Over 20 years ago, rich dad said, "Just as there are houses for the rich, the poor, and the middle class, there are investments for each of them. If you want to invest in investments that the rich invest in, you have to be more than rich. You need to become a sophisticated investor, not just a rich person who invests."

The Five Phases of Becoming a Sophisticated Investor

Rich dad broke my development program into five distinct phases, which I have organized into phases, lessons, and chapters. The phases are:


1. Are You Mentally Prepared to Be an Investor?

2. What Type of Investor Do You Want to Become?

3. How Do You Build a Strong Business?

4. Who Is the Sophisticated Investor?

5. Giving It Back.

This book is written as a guide. It will not give you specific answers. The purpose of this book is to help you understand what questions to ask. And if this book does that, it has done its job. Rich dad said, "You cannot teach someone to be a sophisticated investor. But a person can learn to become a sophisticated investor. It’s like learning to ride a bicycle. I cannot teach you to ride a bicycle, but you can learn to ride a bicycle. Learning to ride a bicycle requires risk, trial and error, and proper guidance. The same is true with investing. If you do not want to take risks, then you’re saying you do not want to learn. And if you do not want to learn, then I cannot teach you."

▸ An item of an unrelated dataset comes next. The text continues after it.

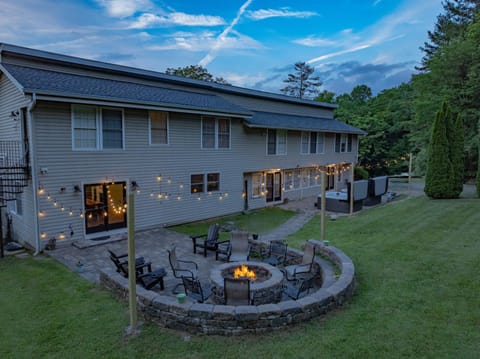 Hot Tub, fireplace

If you’re looking for a book on hot investment tips, or how to get rich quick, or the secret investment formula of the rich, this book is not for you. This book is really about learning more than investing. It is written for people who are students of investing, students who seek their own path to wealth rather than look for the easy road to wealth.

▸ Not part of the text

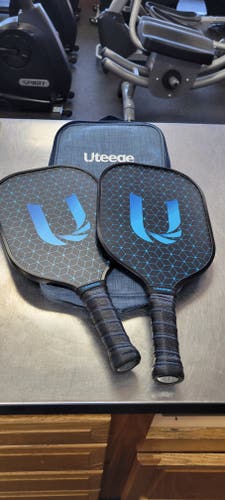 Used UTEEQE Pickleball Racquet Royal Blue 11497-S000151925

This book is about rich dad’s five phases of development, the five phases that he went through and that I am currently going through. If you are a student of great wealth, you may notice while reading this book that rich dad’s five phases are the same five phases that the richest business people and investors in the world went through in order to become very, very rich. Bill Gates, founder of Microsoft; Warren Buffet, America’s richest investor; and Thomas Edison, founder of General Electric, all went through these five phases. They are the same five phases that the young new millionaires and billionaires of the Internet or the "dot com" generation are currently going through while still in their twenties and thirties. The only difference is that because of the Information Age, these young people went through the same phases faster...and maybe so can you.

Are You Part of the Revolution?

Great wealth, vast fortunes, and mega-rich families were created during the Industrial Revolution. The same is going on today during the Information Revolution.

I find it interesting that today we have self-made multi-millionaires and billionaires who are twenty, thirty, and forty years of age; yet we still have people forty and over having a tough time hanging on to $50,000-a-year job’s. One reason causing this great disparity is the shift from the Industrial Age to the Information Age. When we shifted into the Industrial Age, people like Henry Ford and Thomas Edison became billionaires. Today, shifting into the Information Age, we have Bill Gates, Michael Dell, and the founders of the Internet companies becoming young millionaires and billionaires. These twenty-somethings will soon be passing Bill Gates–who is old at 39–in wealth. That is the power of a shift in ages, the shift from the Industrial Age to the Information Age. It has been said that there is nothing so powerful as an idea whose time has come...and there is nothing so detrimental than someone who is still thinking old ideas.